VMware Cloud Community
acollado175
Contributor
Contributor
Jump to solution

FT secondary vm power on failure

I had a vm running with FT in a two node HA cluster. To demonstrate failover, I simulated power failure on the node running the FT vm (by holding the power button), and viola, vm failed over and didn't skip a beat.

Apparently, power failure is a bad option to demonstrate FT since i destroyed my ESXi host and had to repair. Repair went well, rejoined my cluster, reconfigured HA, but FT will not properly configure. I have turned FT off and back on my vm, but when I go to power on, the primary powers up fine, but the secondary vm gives this error:

"Unable to access file <unspecified file> since it is locked."

My Fault Tolerance Status shows "Not protected. Need seconday vm"

I'm running in eval mode on an NFS share.

Has anyone seen this behavior? Why can't vcc spit out what file is locked?

0 Kudos
1 Solution

Accepted Solutions
admin
Immortal
Immortal
Jump to solution

Removing the host from the cluster doesn't remove aam.vgz (the HA agent). However, removing the host from VC altogether should uninstall aam as well as vpxa. Try that and then re-add the host back to VC.

View solution in original post

0 Kudos
4 Replies
admin
Immortal
Immortal
Jump to solution

Check out this KB: 10051 Virtual machine does not power on because of missing or locked files.

Rick Blythe

Social Media Specialist

VMware Inc.

0 Kudos
acollado175
Contributor
Contributor
Jump to solution

I went through that doc and since I'm running esxi, didn't have the vmware-cmd and just skipped to the part where I reboot my hosts. Both hosts (ESXi 4.0.0, 171294) fail to boot with "PANIC: Error while reading file: -5, aam.vgz." This is the same problem I ran into after killing power to one of the hosts, but why is it happening to the other one that didn't go down hard? If I repair using the ESXi install media, I can boot; but if I take them down again, I get the same PANIC error.

I am assuming aam is the automatic availablity manager part of HA, so I decided that after i get my hosts back online, I'd remove them from my HA cluster, thereby unconfiguring HA, and then reboot them to see if that would remove the offending module, but it didn't.

Is aam.vgz part of the ha agent installation?

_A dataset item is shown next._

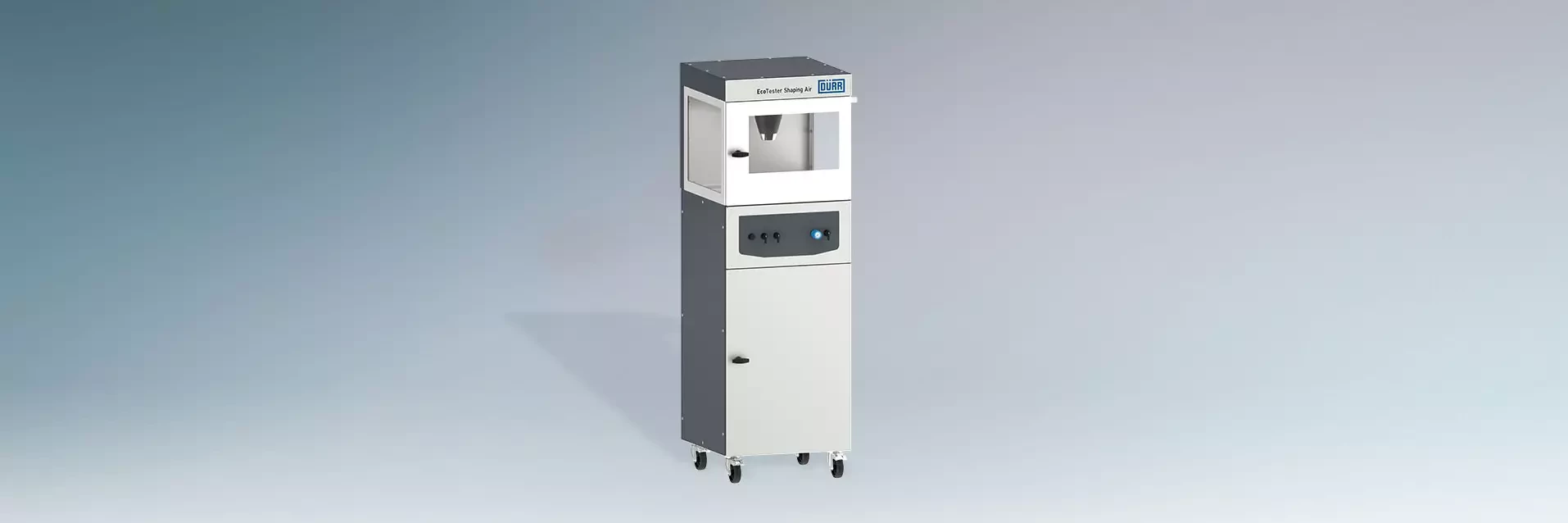 Dürr's EcoTester enables fully functioning atomizers 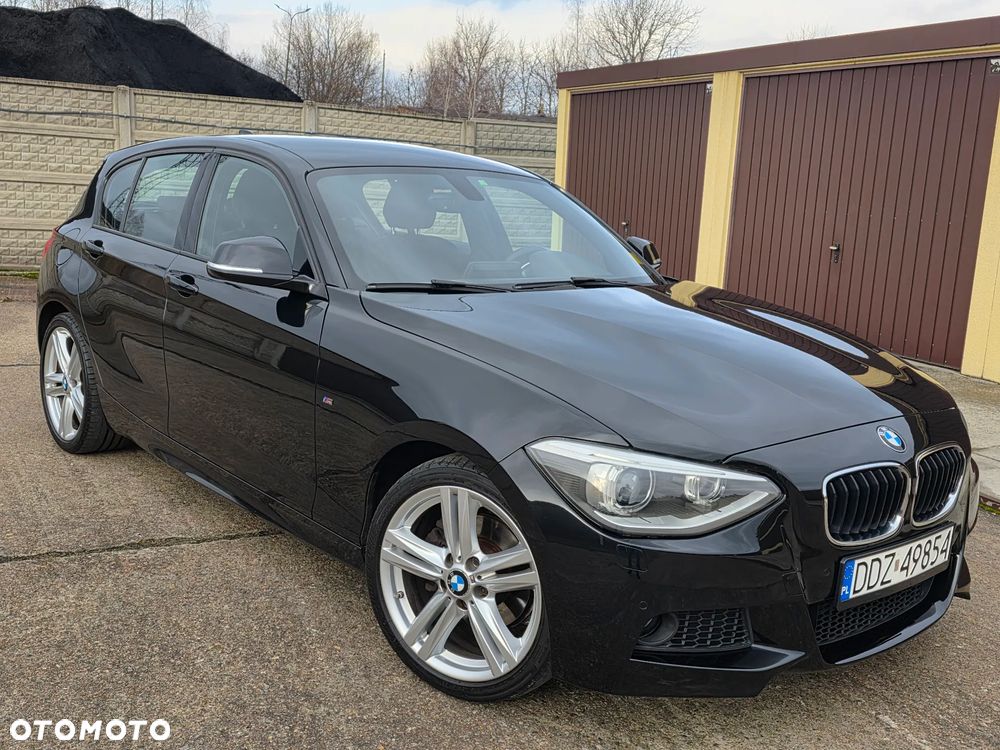 BMW Seria 1 120d Sport-Aut Sport Line - 4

Am I looking at rebuilding my hosts completely?

0 Kudos
admin
Immortal
Immortal
Jump to solution

Removing the host from the cluster doesn't remove aam.vgz (the HA agent). However, removing the host from VC altogether should uninstall aam as well as vpxa. Try that and then re-add the host back to VC.

0 Kudos
acollado175
Contributor
Contributor
Jump to solution

Success! My hosts reboot without PANIC attacks and I can enable FT on my vms.

0 Kudos